Pour l'action en réparation du préjudice de révocation abusive, la prescription est de cinq ans à compter de la décision (article 2224 du Code civil). Pour l'action en nullité d'une décision sociale (révocation prise par un organe incompétent ou en violation des statuts), la prescription est de trois ans à compter du jour où la nullité est encourue (article 1844-14 du Code civil). En pratique, il faut agir vite : les preuves se déperdent et la position du successeur se renforce avec le temps.

Quel tribunal est compétent en cas de litige sur la révocation ?

Le tribunal de commerce du siège social, soit le tribunal de commerce de Paris pour une société immatriculée dans la capitale.

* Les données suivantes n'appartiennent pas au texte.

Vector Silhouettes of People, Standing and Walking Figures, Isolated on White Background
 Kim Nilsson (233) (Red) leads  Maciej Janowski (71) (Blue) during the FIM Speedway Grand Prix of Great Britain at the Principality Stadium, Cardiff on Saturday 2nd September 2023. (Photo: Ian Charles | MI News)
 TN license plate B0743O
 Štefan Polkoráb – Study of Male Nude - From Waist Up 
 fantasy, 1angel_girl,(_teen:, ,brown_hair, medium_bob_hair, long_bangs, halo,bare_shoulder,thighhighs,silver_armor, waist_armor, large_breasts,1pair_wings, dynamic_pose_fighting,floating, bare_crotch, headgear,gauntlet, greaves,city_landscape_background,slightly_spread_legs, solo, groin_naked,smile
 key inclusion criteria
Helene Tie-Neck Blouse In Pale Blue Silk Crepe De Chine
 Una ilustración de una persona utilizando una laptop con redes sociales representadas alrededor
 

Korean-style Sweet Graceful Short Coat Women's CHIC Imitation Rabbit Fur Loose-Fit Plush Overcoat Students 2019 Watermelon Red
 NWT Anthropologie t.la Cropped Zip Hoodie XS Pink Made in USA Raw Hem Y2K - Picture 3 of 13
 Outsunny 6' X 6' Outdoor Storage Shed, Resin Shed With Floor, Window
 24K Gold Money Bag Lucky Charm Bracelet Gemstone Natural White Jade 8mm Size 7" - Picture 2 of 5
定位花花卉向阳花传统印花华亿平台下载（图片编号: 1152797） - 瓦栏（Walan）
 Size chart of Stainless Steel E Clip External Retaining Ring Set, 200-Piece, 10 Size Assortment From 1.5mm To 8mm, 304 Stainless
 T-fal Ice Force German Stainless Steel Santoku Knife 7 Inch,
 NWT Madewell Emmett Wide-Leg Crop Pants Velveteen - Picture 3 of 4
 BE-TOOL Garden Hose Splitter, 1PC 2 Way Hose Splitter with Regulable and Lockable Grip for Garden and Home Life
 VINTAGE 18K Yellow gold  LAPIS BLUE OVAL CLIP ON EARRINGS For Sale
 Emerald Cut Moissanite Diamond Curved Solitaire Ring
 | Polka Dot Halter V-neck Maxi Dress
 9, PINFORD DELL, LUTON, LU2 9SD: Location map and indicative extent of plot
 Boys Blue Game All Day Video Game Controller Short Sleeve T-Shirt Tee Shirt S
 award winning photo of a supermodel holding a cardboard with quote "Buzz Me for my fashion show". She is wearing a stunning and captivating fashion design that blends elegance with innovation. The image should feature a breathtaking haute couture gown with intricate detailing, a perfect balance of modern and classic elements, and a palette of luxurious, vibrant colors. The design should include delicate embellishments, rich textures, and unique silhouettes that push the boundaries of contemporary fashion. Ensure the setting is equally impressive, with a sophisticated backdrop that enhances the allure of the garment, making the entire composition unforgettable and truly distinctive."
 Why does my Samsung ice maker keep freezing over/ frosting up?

Les contestations relatives au mandat social et au fonctionnement de la société relèvent de cette juridiction. Les statuts peuvent prévoir une clause d'arbitrage qui dérogera à cette compétence. Si le dirigeant invoque parallèlement un contrat de travail (cumul), le conseil de prud'hommes est compétent pour le contrat de travail seul. Le cabinet plaide régulièrement devant le tribunal de commerce de Paris.

Combien coûte un accompagnement sur une révocation de dirigeant ?

Pour un audit express avec note de stratégie, les honoraires forfaitaires démarrent à partir de 1 800 euros HT. Pour un accompagnement complet (audit, rédaction des actes, négociation, suivi des formalités), la fourchette se situe généralement entre 4 500 et 12 000 euros HT selon la complexité et l'enjeu. Pour un protocole transactionnel négocié, les honoraires sont souvent fixés au forfait avec une part variable indexée sur l'indemnité finale obtenue. Le devis est établi par écrit après le premier échange.

Le cabinet intervient-il pour le dirigeant ou pour la société ?

Pour les deux, mais jamais simultanément sur un même dossier (conflit d'intérêts). Selon le profil de la demande, le cabinet défend soit la société qui veut révoquer (sécurisation procédurale, gestion du contradictoire, communication, défense en cas de contestation), soit le dirigeant qui négocie sa sortie (audit du dossier, négociation de l'indemnité et du non-concurrence, action en réparation si la révocation a été abusive). La position est tranchée dès le premier échange et figure dans la lettre de mission.